- Problem requirements
Filter the entries that follow, copying every line in which the word "Edition" appears.

---

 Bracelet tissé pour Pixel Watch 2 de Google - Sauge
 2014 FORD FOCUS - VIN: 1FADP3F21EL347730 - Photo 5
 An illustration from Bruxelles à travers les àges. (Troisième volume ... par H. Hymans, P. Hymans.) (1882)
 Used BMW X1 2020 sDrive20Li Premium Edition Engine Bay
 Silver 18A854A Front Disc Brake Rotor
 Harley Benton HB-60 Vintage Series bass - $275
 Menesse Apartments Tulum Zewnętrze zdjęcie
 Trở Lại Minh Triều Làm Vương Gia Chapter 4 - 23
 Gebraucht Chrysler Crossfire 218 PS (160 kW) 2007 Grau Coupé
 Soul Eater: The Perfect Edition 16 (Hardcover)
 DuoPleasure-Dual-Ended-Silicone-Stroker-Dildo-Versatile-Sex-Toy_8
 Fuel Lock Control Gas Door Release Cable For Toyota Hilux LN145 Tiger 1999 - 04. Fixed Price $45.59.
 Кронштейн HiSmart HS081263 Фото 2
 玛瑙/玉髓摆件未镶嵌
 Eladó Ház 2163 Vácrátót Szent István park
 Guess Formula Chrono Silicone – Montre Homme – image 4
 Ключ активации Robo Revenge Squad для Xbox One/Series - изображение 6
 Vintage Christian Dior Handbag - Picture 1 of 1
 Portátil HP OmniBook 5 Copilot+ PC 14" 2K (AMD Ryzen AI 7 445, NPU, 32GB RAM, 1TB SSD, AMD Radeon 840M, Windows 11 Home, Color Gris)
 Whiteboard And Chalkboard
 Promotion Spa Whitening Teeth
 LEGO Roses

---

- Task output
 Used BMW X1 2020 sDrive20Li Premium Edition Engine Bay
 Soul Eater: The Perfect Edition 16 (Hardcover)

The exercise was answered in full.